| Task brief |
Without including any pictures, give back all of the data exactly.

§

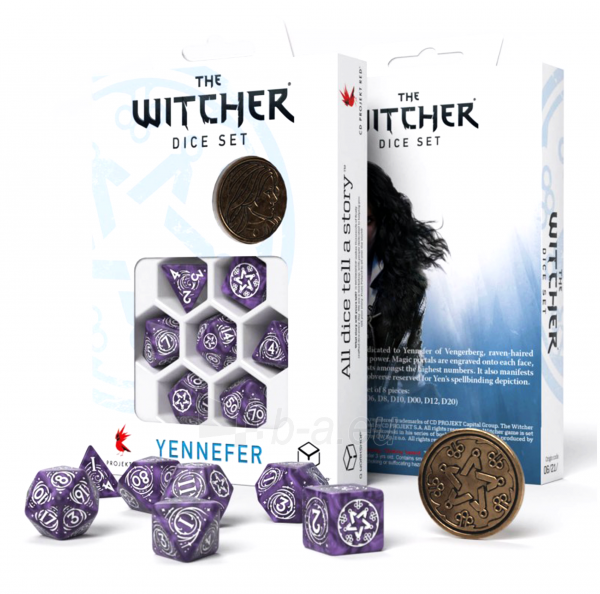 Kauliukų rinkinys The Witcher Yennefer (levandų ir baltos sp.) paveikslėlis 1 iš 4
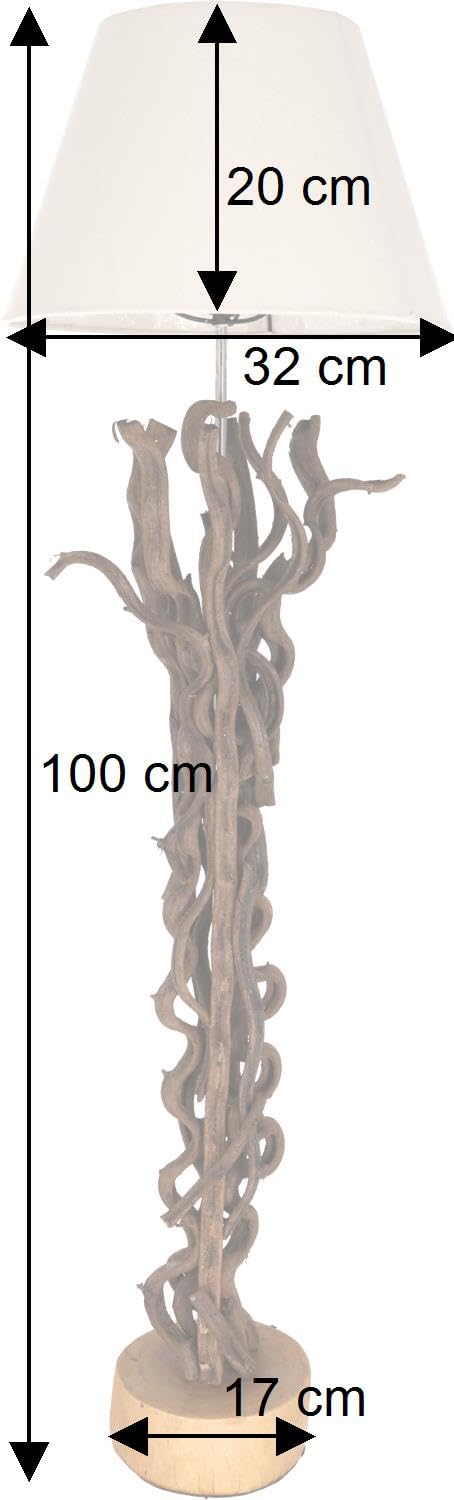 Guru-Shop Lámpara de Pie/lámpara de Pie, Hecha a Mano en Bali de Material Natural, Madera, Algodón - Modelo Jade 100, Maderaaladeriva, 100x32x32 cm, Lámparas de pie de Materiales Naturales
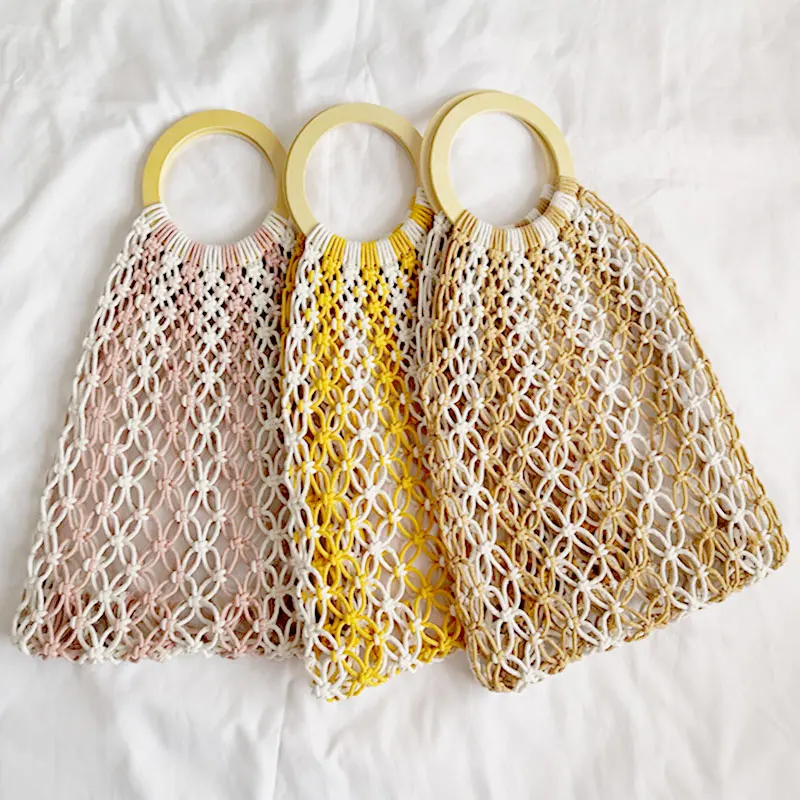 Новинка 2020 Женские соломенные сумки винтажные бохо с выемкой веревкой хлопок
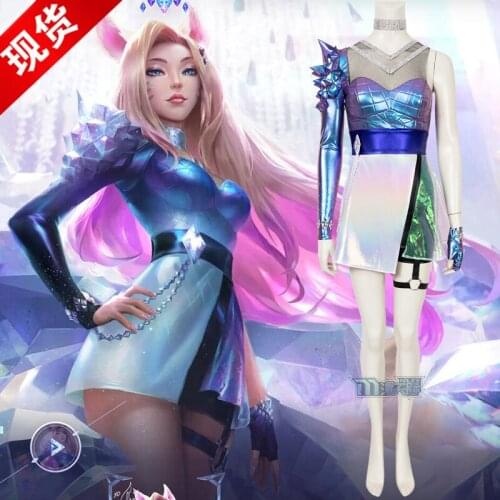STOCK Amine Game LOL S10 KDA Ahri Cosplay Costume The Nine-Tailed Fox Singing Clothes Sizes XS-XXXL 2021 New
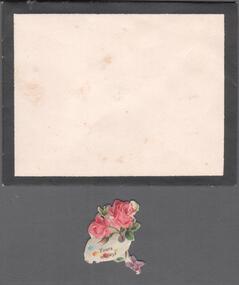Letter - ENVELOPE WITH BLACK CROSSED LINES AND CONTAINING PRINTED FLOWER ARRANGEMENT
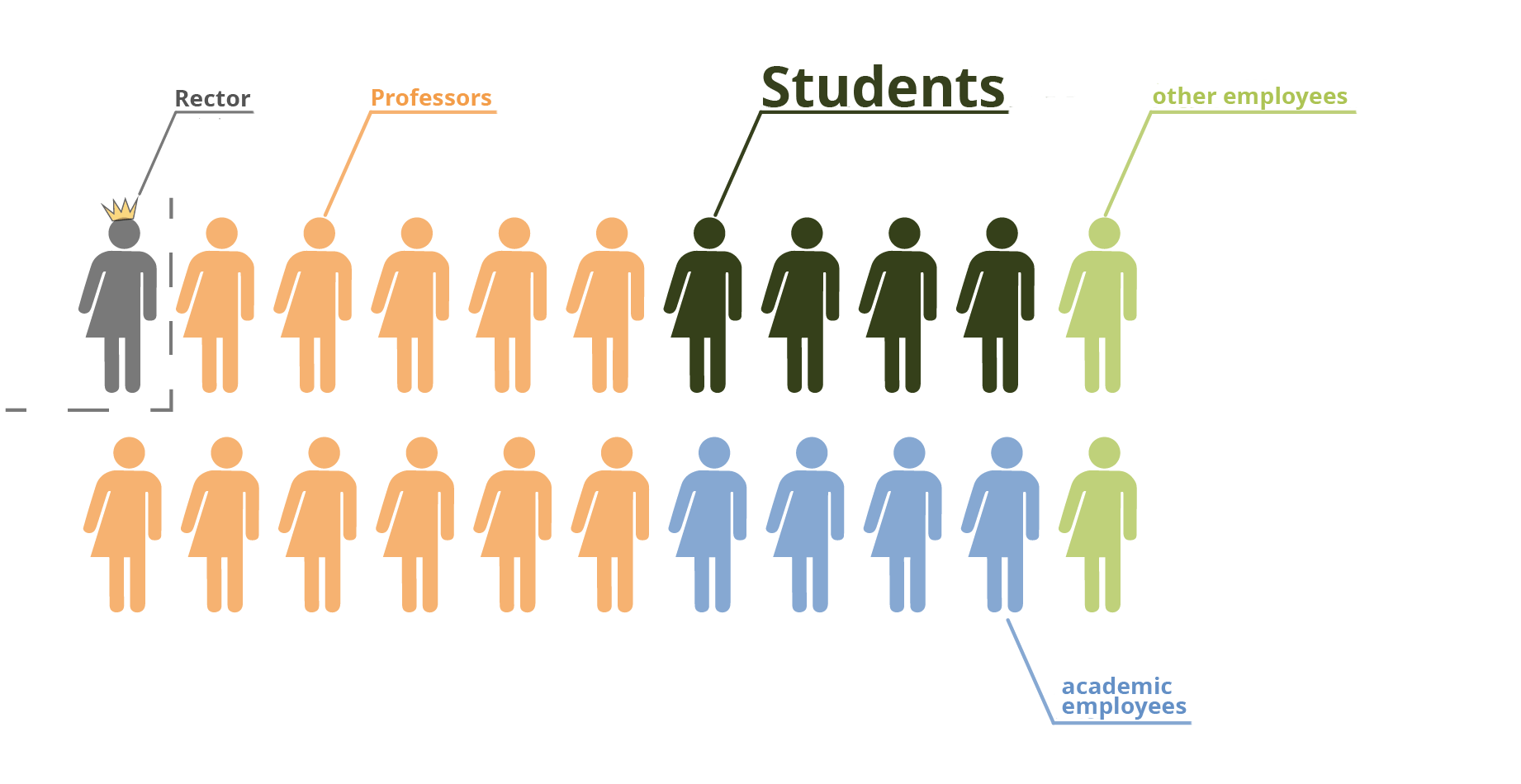Structure of senate Structure of senat with symbols: 11 Professors, 4 students, 2 further employees, head as non voting member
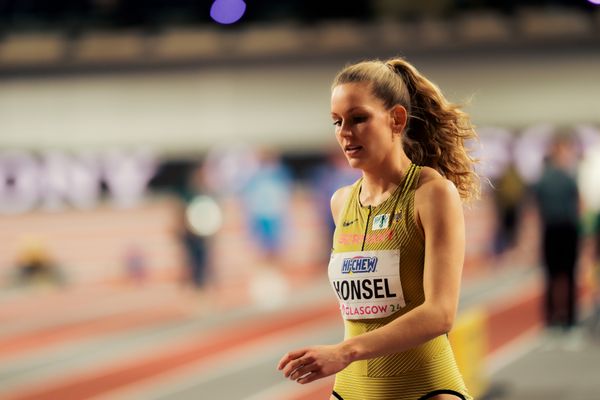 Christina Honsel (GER/Germany) im Hochsprung am 01.03.2024 bei den World Athletics Indoor Championships in Glasgow (Schottland / Vereinigtes Königreich)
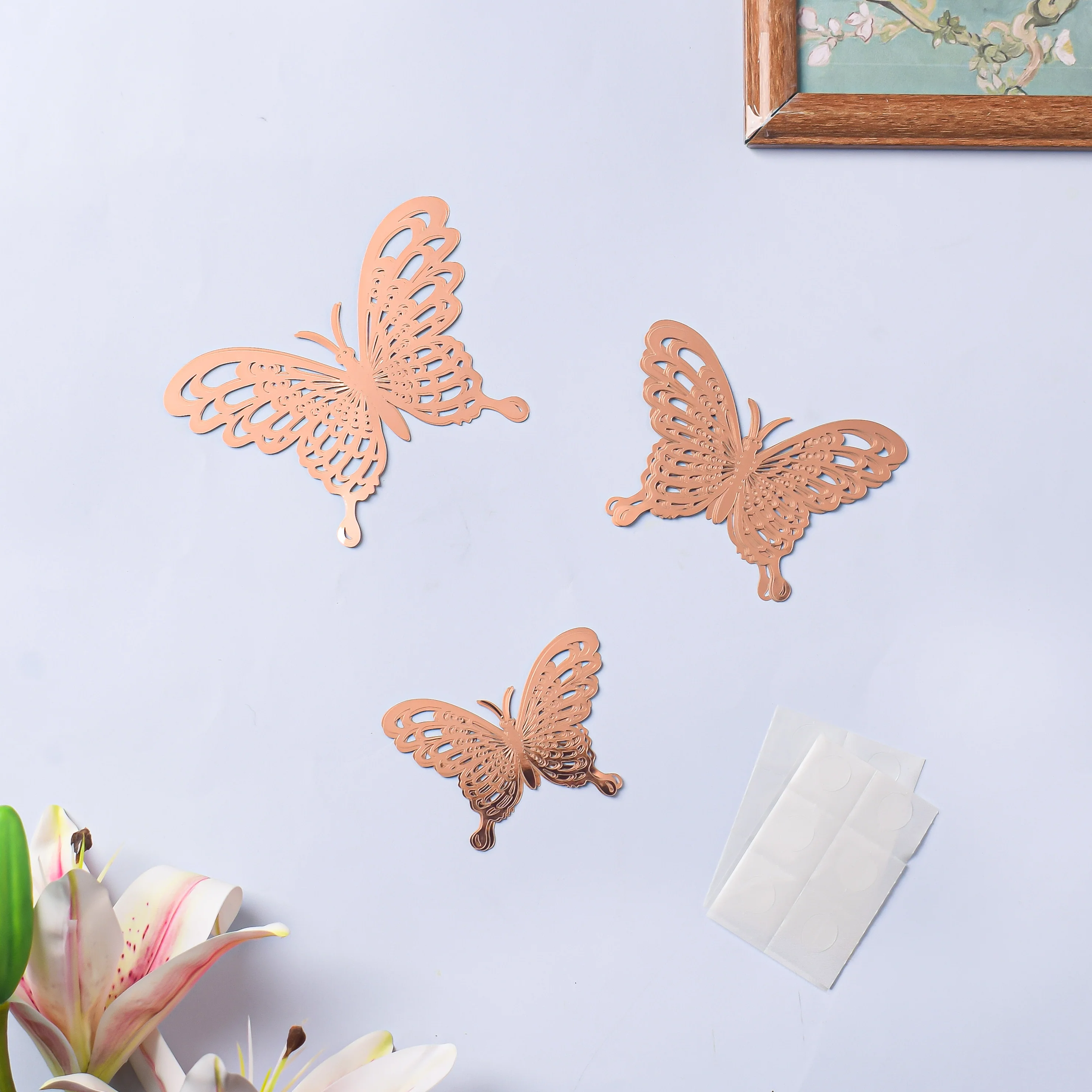 Rose Gold Butterfly 3D Wall Stickers Set Of 36 - Image 7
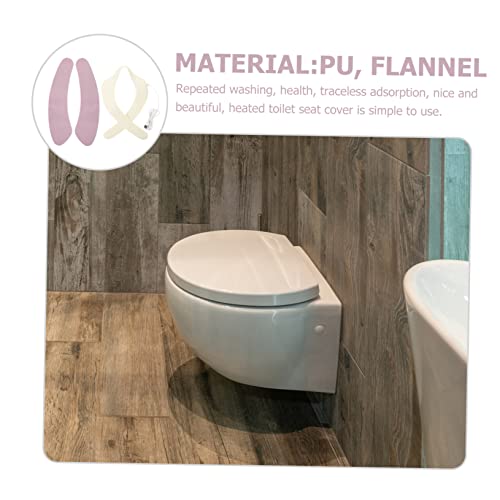 DOITOOL 5 Stücke Matte Kissen Beheizbare Badezimmerabdeckung Sitzdeckel Elektrisch Weiß Längliche Heizung Sitze Gepolstert Einfache Tank Toiletteninstallation Wärmerauflage Hause – Bild 6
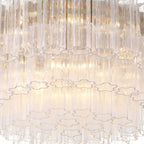 Addis 32'' Aged Brass Flush Mount Clear 32"W x 14.5"H x 32"D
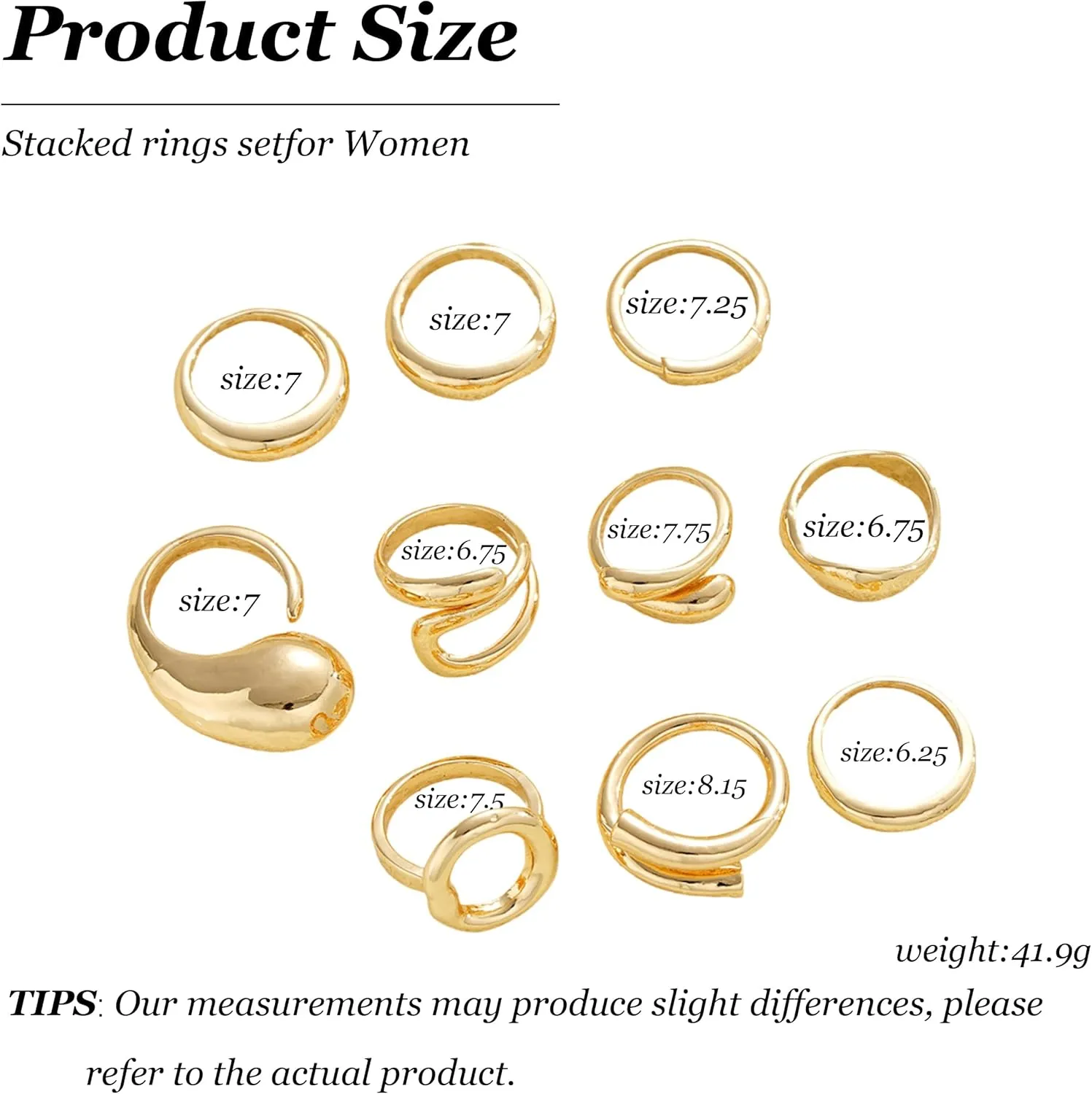 Frodete Chunky Gold Rings Set for Women Stackable Gold Rings Chunky Minimalist Solid Ring Trendy Statement Minimalist Jewelry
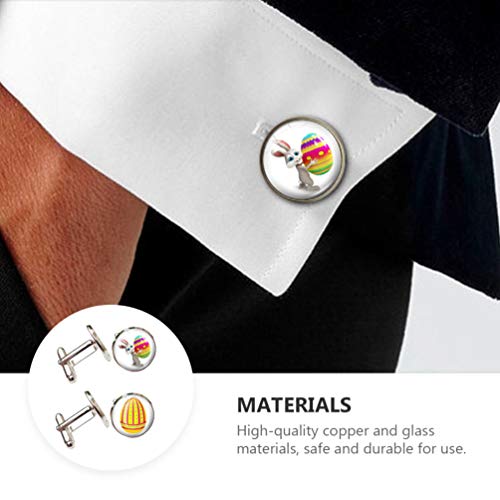 SOIMISS Páscoa Páscoa Coelho de Vidro Abotoaduras para Homens Marido Pais Abotoaduras Jóias Dia Dos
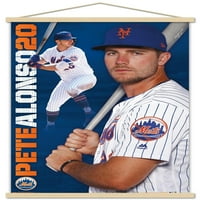 New York Mets - zidni Poster Pete Alonso sa drvenim magnetnim okvirom, 22.375 34
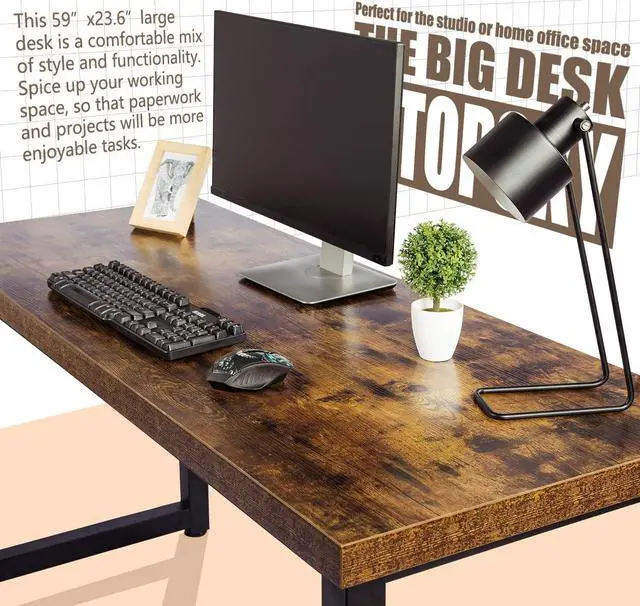 Alt view image 4 of 7 - TOPSKY Computer Desk 59 inch Large Office Desk, Gaming Desk Writing Desk, Large Legroom, Metal Frame, 1.88" Thickness Desktop (Rustic Brown)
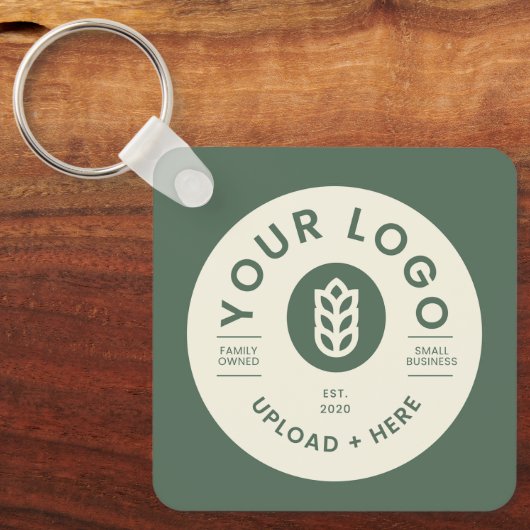  bedrijf Logo QR Code Sage Green Sleutelhanger (Voorkant)
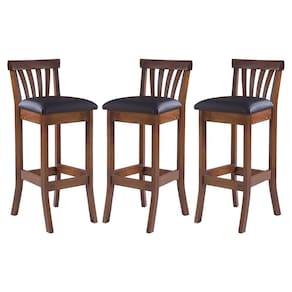 Kit 3 Banquetas Alta Estofada Anthurium 36 x 100 Cm Madeira Maciça Imbuia Facto Impermeável Marrom L74 - RMI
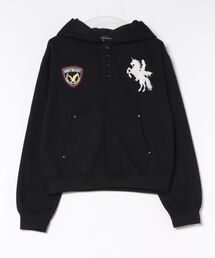 【NYS】裏起毛 ビッグポニー エンブレム刺繍 ヘンリーネック パーカー 長袖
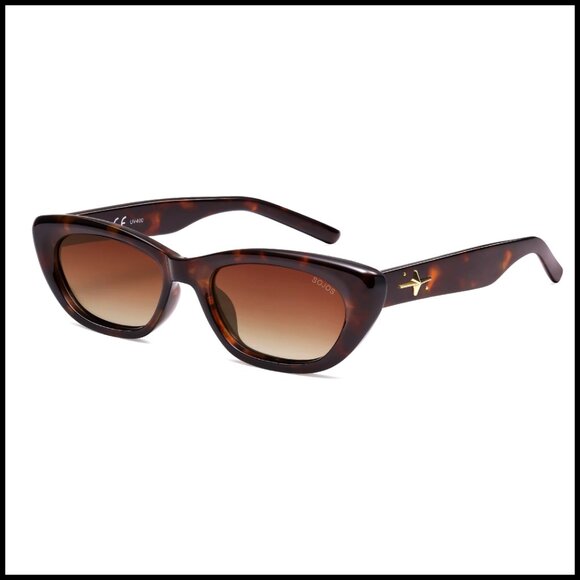 Polarized Cat Eye Sunglasses Women Retro Small Narrow Frame UV400 main image 5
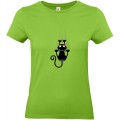 Smilo & Bron Damen T-Shirt Damen mit Motiv Katze krallt Sich fest Bedruckt Bekleidung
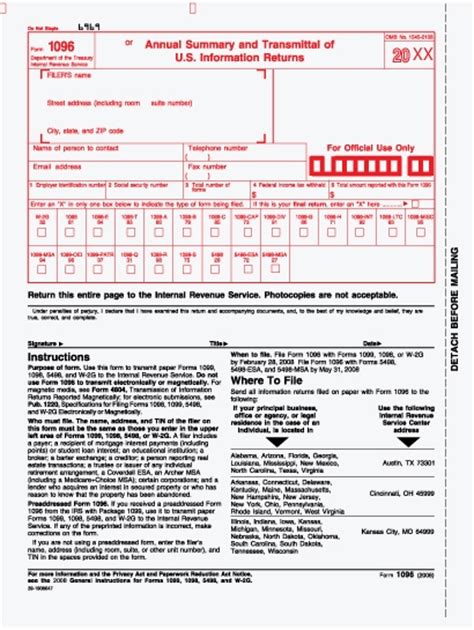 Printable Form 1096 Irs Form 1096 Fillable Universal Network File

§

| Your response |
 Kauliukų rinkinys The Witcher Yennefer (levandų ir baltos sp.) paveikslėlis 1 iš 4
 Guru-Shop Lámpara de Pie/lámpara de Pie, Hecha a Mano en Bali de Material Natural, Madera, Algodón - Modelo Jade 100, Maderaaladeriva, 100x32x32 cm, Lámparas de pie de Materiales Naturales
 Новинка 2020 Женские соломенные сумки винтажные бохо с выемкой веревкой хлопок
STOCK Amine Game LOL S10 KDA Ahri Cosplay Costume The Nine-Tailed Fox Singing Clothes Sizes XS-XXXL 2021 New
Letter - ENVELOPE WITH BLACK CROSSED LINES AND CONTAINING PRINTED FLOWER ARRANGEMENT
Structure of senate Structure of senat with symbols: 11 Professors, 4 students, 2 further employees, head as non voting member
 Christina Honsel (GER/Germany) im Hochsprung am 01.03.2024 bei den World Athletics Indoor Championships in Glasgow (Schottland / Vereinigtes Königreich)
 Rose Gold Butterfly 3D Wall Stickers Set Of 36 - Image 7
 DOITOOL 5 Stücke Matte Kissen Beheizbare Badezimmerabdeckung Sitzdeckel Elektrisch Weiß Längliche Heizung Sitze Gepolstert Einfache Tank Toiletteninstallation Wärmerauflage Hause – Bild 6
 Addis 32'' Aged Brass Flush Mount Clear 32"W x 14.5"H x 32"D
 Frodete Chunky Gold Rings Set for Women Stackable Gold Rings Chunky Minimalist Solid Ring Trendy Statement Minimalist Jewelry
 SOIMISS Páscoa Páscoa Coelho de Vidro Abotoaduras para Homens Marido Pais Abotoaduras Jóias Dia Dos
 New York Mets - zidni Poster Pete Alonso sa drvenim magnetnim okvirom, 22.375 34
 Alt view image 4 of 7 - TOPSKY Computer Desk 59 inch Large Office Desk, Gaming Desk Writing Desk, Large Legroom, Metal Frame, 1.88" Thickness Desktop (Rustic Brown)
  bedrijf Logo QR Code Sage Green Sleutelhanger (Voorkant)
 Kit 3 Banquetas Alta Estofada Anthurium 36 x 100 Cm Madeira Maciça Imbuia Facto Impermeável Marrom L74 - RMI
 【NYS】裏起毛 ビッグポニー エンブレム刺繍 ヘンリーネック パーカー 長袖
 Polarized Cat Eye Sunglasses Women Retro Small Narrow Frame UV400 main image 5
 Smilo & Bron Damen T-Shirt Damen mit Motiv Katze krallt Sich fest Bedruckt Bekleidung
 Printable Form 1096 Irs Form 1096 Fillable Universal Network File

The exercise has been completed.